EXERCISE PROMPT: Everything from the line with "Lucas Pato: Las" to the last line of the listing must be retyped exactly, both ends included, with the pictures dropped.

MATERIAL PROVIDED:
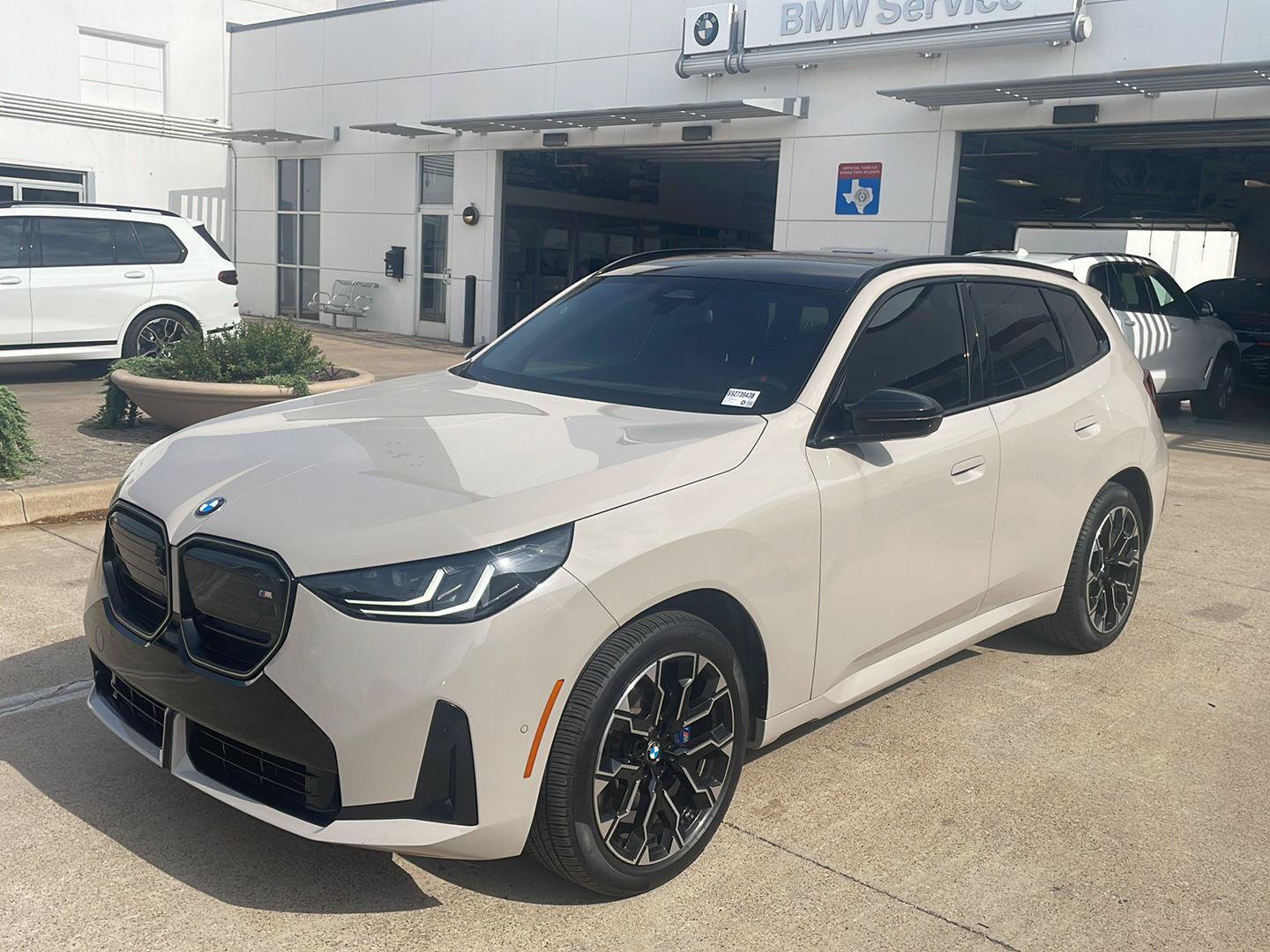 Used 2025 BMW X3 M50 w/ Premium Package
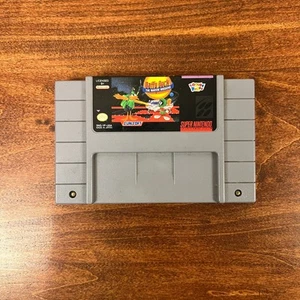 Lucas Pato: Las Misiones Marvin (Sistema de Entretenimiento Super Nintendo, 1993) - Imagen 1 de 3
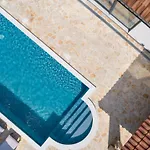 Wonderful House Bruno With Pool Villa Zadar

TASK OUTPUT:
 Lucas Pato: Las Misiones Marvin (Sistema de Entretenimiento Super Nintendo, 1993) - Imagen 1 de 3
 Wonderful House Bruno With Pool Villa Zadar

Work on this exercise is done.